@nestoftables
https://www.ed.ac.uk/equality-diversity/students/educateyourself/what-does-being-trans-and-or-non-binary-mean-new/what-is-transphobia
I don't know if this has been shared here before, but it doesn't feel right! :/
No wonder. The statement is inexpertly argued, surprisingly badly composed and structured, inadequately formatted and desperately crying out for even a basic edit. It is also full of fallacies, unproven assertions, misrepresentations, generalisations, strawmen, and downright moronic statements.
It misrepresents the concerns of women's rights campaigners, it conflates general responses to gender-non-conformity coming from the wider public with the feminist criticism of the enforcement of sex stereotypes and sex role stereotypes evident in much of transgender ideology. It provides no evidence for any assertions made and it is inexplicably interspersed with personal statements by anonymous complainers in a way guaranteed to see them ignored and most likely just perceived as a hindrance to the reader.

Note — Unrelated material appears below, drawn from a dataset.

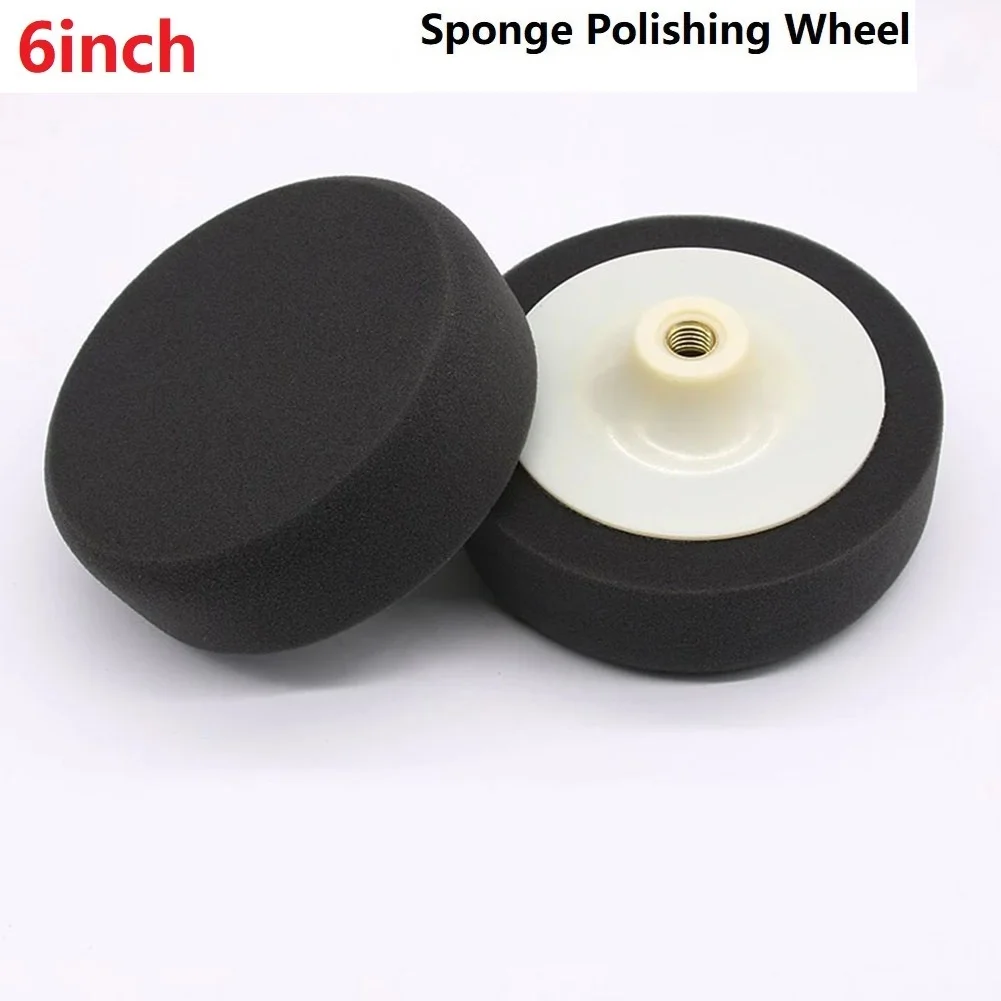 For Car Polishing Sponge Heads Accessories Black Hub Replacement Roundness 150mm 1pcs 6inch For Car Sponge Foam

It makes claims about history that are improbable and unprovable but hides this with a sleight of hand. There is ample evidence of the existence of individuals who break gender norms throughout history and across societies. Many of these individuals were either homosexual or bisexual, and this is typically (but not always) what lies at the root of two-spirit or third gender (or more) groups in typically (but not always) deeply homophobic societies. We have no evidence however of transsexual individuals reaching back thousands of years, precisely because societies tended to be so punitive towards individuals who were not heterosexuals that the only way out for many homosexual or bisexual individuals was to assume an opposite-sex identity. In the absence of modern medicine and because we cannot look into the heads of long dead people who left no written testament to their beliefs, often because they couldn't write, we can only ascertain that they defied their societies' gender norms but not whether that was based on a belief of being the other sex or merely presenting as such to be able to live their sexuality. That 4500 years figure is also oddly specific and likely chosen to make the claim seem more evidence-based. For a statement posted at a university website, I would certainly have expected a footnote referencing the source of this claim. But by throwing in something unverifiable with something that has indeed been shown to be true, it seeks to hoodwink us. And all for the purpose of such an irrelevant appeal to tradition. I mean even if the modern transsexual had existed in 2500 BC, what has their mere existence to do with women's rights campaigners seeking to uphold women's sex-based rights?
The misrepresentation of our concerns, especially those about the treatment of children diagnosed with gender dysphoria is in parts so clumsy, I came away from reading this thinking that my 14 year old could quite credibly have written a better statement and of course the overreach in including disbelief in the definition of transphobia is so preposterous it immediately casts a shadow over everything that follows.
All in all this is possibly the most laughably stupid and worst-written statement of its kind I've come across. And I've seen loads by now. Including some composed by actual children.
So yeah, it doesn't feel right to me either. And not just because a text of such low quality ought never to disgrace a university website.